Thursday was not a good day for Donald Trump with his far-right, anti-immigrant, white nationalist base.

After Trump met with Democratic leadership and reportedly negotiated on both DACA work permits and the border wall, prominent Trump supporters took to social media and the airwaves to warn him that he was "dead among his base" if he kept it up. Some Trump voters are now even burning their MAGA hats.

The same people who shrugged when KKK leader David Duke said he and Trump are on the same page lost their minds when Senate Minority Leader Chuck Schumer said it.

Trump, who has gone to absurd lengths to make this narrow slice of white supremacists happy, was clearly stung, because Friday morning, he jumped on Twitter and aggressively pandered to them.

First, he attacked the British government for failing to prevent a terrorist attack before they had released all the details, prompting condemnations from terror experts and British officials.

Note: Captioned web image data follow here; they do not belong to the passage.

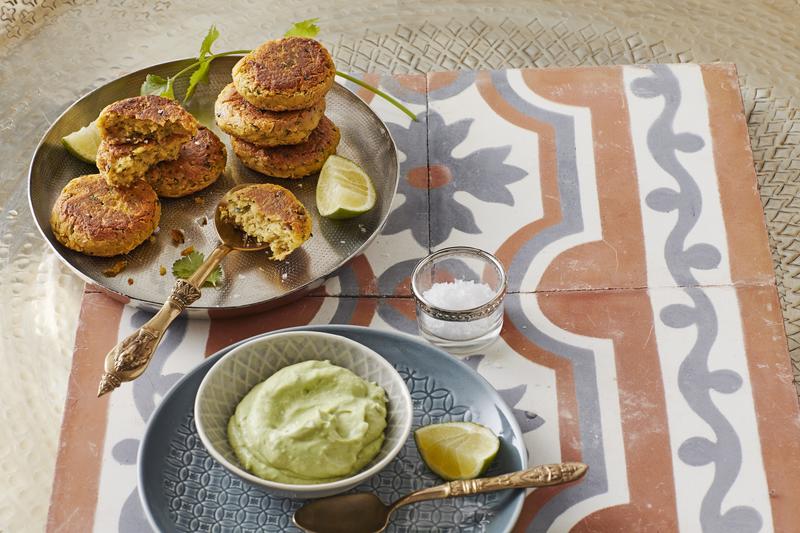 Frische Falafel-Bällchen angerichtet auf einem Teller mit Zitronenvierteln.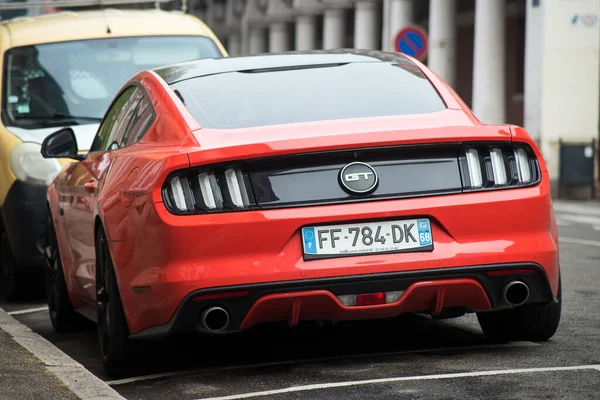 Mulhouse France 2021 Rear View Orange Ford Mustang 오렌지 무스탕 — 스톡 사진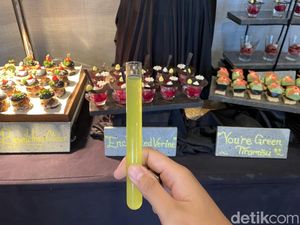 Demam Wicked, Nongkrong Kudapan Penyihir di Dekat Stasiun Cikini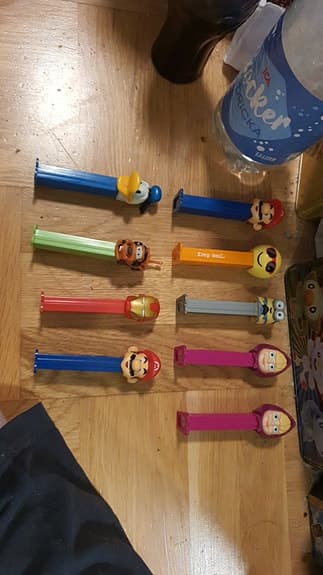 Säljes Skrivare Och Pez.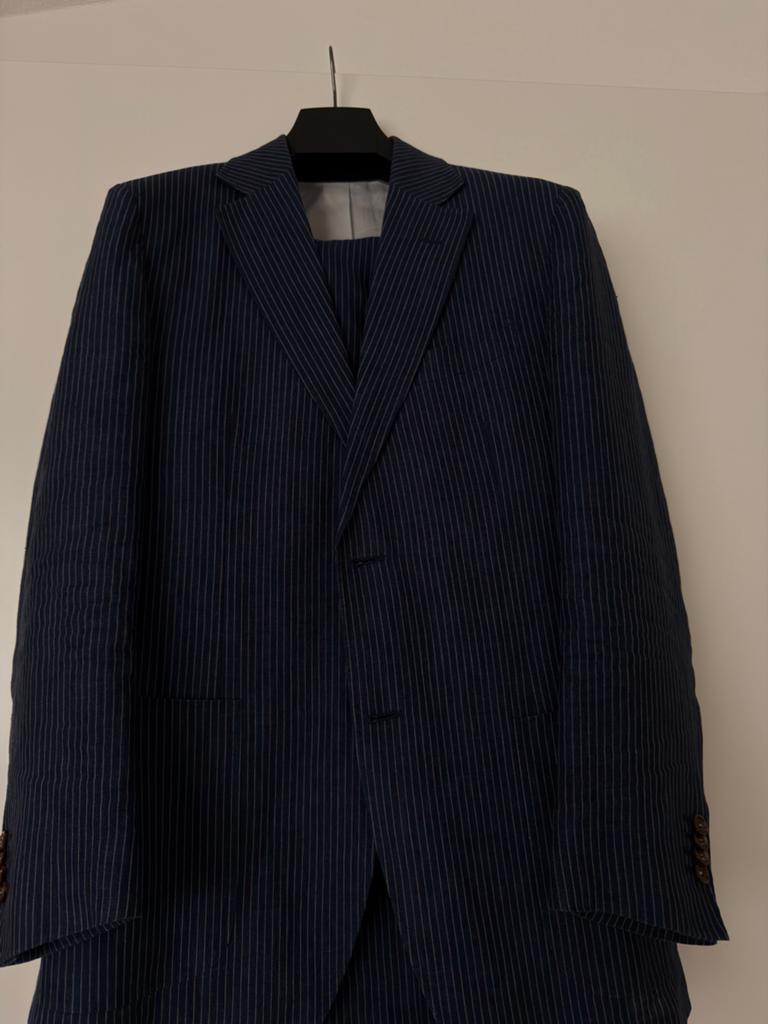 Blauw pak met krijtstreep - Maat 48 - Zo goed als nieuw, Kleding | Heren, Kostuums en Colberts, Ophalen of Verzenden, Zo goed als nieuw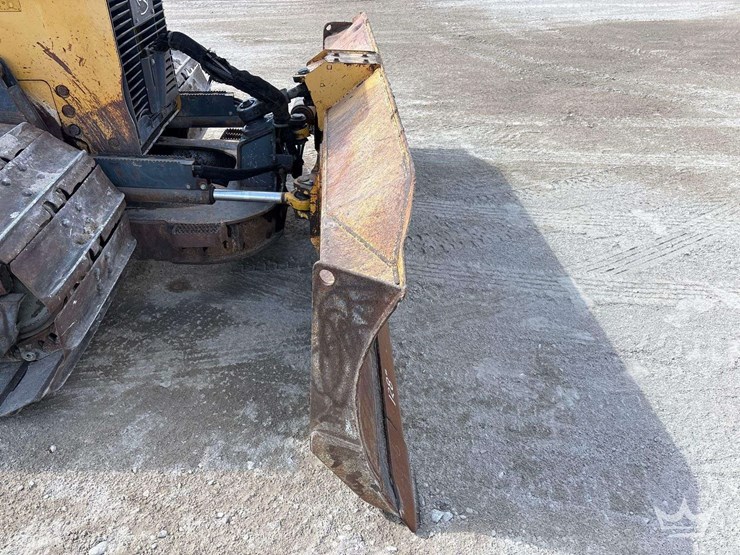 2014-deere-650k-lgp-image-17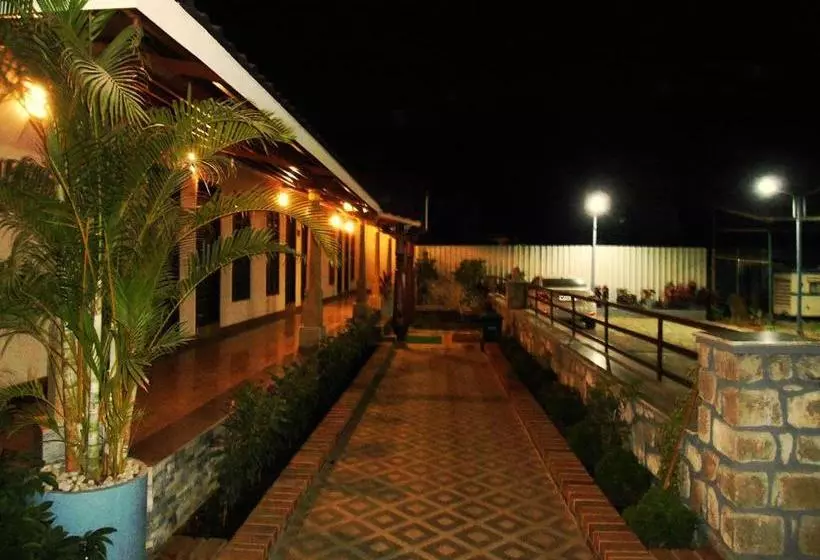 هتل Sri Arulmuthu Residency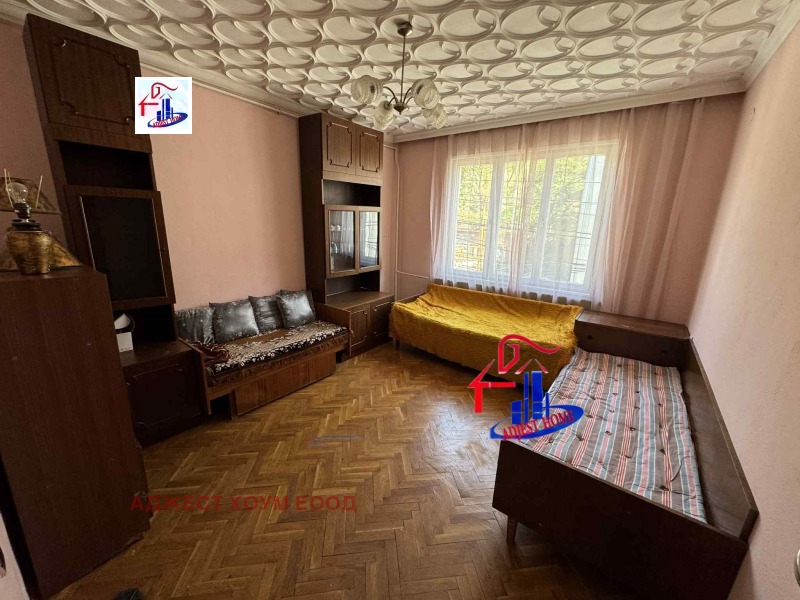 Дава под наем  4-стаен град Шумен , Пазара , 100 кв.м | 15821181 - изображение [5]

He then cited it as an example of why the Muslim ban should be "far larger" and why we should "cut off the Internet."

He then followed up with an attack on President Barack Obama and a claim that he has "made more progress in the last nine months against ISIS than the Obama Administration has made in 8 years," glossing over the fact that his Pentagon is in fact following Obama's ISIS plan exactly.

Next, Trump lobbed an attack on ESPN for commentator Jemele Hill's completely accurate description of him as a "white supremacist" and demanding that the network apologize — which it already did.

Finally, he rounded off the rant by vowing he would oppose any allowance of "chain migration" — a derogatory, charged term for family members of U.S. residents being granted residency as well.

It is obvious from this series of jumbled hyper-nationalist outbursts that Trump is genuinely afraid of losing the base he has worked so hard to cultivate and bring into the mainstream of American politics. Every policy decision he makes is grounded in his immediate emotion. And we as Americans are paying the price.